How does macro-institutional change alter the dynamics of guanxi, or social capital of personalized social relations in China? In this lecture, Yianji Bian discusses the results of a study in progress. To put this study in the tradition of social capital research, he will review sociological theories of contextual variability in social capital. The insights learned from this literature review and his longtime fieldwork in China are helpful in formulating a theoretical model in which the dynamics of guanxi is altered by changing degrees of institutional uncertainty and market competition during China’s post-1978 transition from a centrally planned economy to a market economy. To test the hypotheses derived from this model, he will present results from an integrated dataset (N>22,000) of job histories from 1978 to 2021 to demonstrate that the effect of guanxi influence on jobs is increased by marketization and privatization but decreased by the institutionalization of merit-based screening of job applicants.
Yanjie Bian is a Professor of Sociology at the University of Minnesota and Director of the Institute for Empirical Social Science Research at Xi’an Jiaotong University, China. He formerly taught at Hong Kong University of Science and Technology and was a co-founder (with Lulu Li) of Chinese General Social Surveys. Author and editor of 21 books and over 200 articles on social networks and social capital, social stratification and mobility, and Chinese society, he has received recognition from Elsevier as one of the Most-Cited Chinese Researchers in Social Science (2014-21) and was the recipient of the Distinguished Scholarly Contribution Award from the International Association for Chinese Management Research (2020). His current projects are epidemic-specific social capital and job-search networks in China, and his most recent book is Guanxi: How China Works (Polity, 2019).
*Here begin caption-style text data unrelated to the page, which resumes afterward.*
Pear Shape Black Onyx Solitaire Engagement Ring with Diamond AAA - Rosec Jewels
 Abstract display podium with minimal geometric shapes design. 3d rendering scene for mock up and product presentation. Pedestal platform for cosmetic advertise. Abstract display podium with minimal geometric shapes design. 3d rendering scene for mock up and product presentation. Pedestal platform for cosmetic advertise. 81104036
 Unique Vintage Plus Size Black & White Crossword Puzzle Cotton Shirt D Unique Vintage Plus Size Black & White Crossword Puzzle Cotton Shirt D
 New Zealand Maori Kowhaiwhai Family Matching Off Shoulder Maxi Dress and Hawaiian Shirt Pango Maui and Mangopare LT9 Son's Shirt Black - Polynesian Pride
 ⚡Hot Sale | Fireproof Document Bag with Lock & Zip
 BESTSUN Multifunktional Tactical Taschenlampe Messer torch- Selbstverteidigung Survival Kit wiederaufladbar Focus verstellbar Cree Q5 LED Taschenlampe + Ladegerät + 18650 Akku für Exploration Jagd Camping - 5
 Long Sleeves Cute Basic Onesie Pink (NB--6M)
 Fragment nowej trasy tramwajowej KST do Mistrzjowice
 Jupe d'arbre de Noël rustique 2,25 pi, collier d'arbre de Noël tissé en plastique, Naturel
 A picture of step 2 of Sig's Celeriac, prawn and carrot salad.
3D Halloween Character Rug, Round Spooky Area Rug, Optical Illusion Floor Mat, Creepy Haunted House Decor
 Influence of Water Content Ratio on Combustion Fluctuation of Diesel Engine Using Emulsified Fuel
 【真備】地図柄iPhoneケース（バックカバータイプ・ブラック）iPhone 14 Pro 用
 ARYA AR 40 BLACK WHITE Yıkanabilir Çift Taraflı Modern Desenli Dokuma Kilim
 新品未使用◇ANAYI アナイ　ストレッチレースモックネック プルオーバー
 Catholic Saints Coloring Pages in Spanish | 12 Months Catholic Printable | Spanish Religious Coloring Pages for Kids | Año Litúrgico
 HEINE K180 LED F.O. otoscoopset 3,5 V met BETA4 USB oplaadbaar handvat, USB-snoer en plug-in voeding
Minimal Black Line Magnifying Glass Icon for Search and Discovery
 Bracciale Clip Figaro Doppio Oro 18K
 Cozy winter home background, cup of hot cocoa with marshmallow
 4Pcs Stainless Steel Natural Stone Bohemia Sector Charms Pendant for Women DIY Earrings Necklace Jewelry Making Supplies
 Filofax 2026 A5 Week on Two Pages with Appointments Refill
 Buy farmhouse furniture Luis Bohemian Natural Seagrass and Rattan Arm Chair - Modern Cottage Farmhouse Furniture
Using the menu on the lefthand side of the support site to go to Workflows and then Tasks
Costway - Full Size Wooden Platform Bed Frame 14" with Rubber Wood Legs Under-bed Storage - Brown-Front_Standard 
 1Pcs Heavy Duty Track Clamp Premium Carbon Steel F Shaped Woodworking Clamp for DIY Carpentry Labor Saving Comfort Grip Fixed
With China’s rise as a major player on the global stage, understanding the nature of Chinese power and how it is exercised has become increasingly important. This series of lectures brings together leading experts from a diverse range of fields to illuminate how power operates internally within Chinese society, and externally in its relations with the rest of the world. The series will explore how social relations (or guanxi) operate in Chinese society today, the role of cultural practices in reproducing and contesting state power in authoritarian China, the impact of a rising China on the established global order, and the projection of China’s soft power overseas. In examining the multiple dimensions of Chinese power—political, economic, cultural, social—these speakers will deepen our understanding of power in China as well as how it is exercised by China.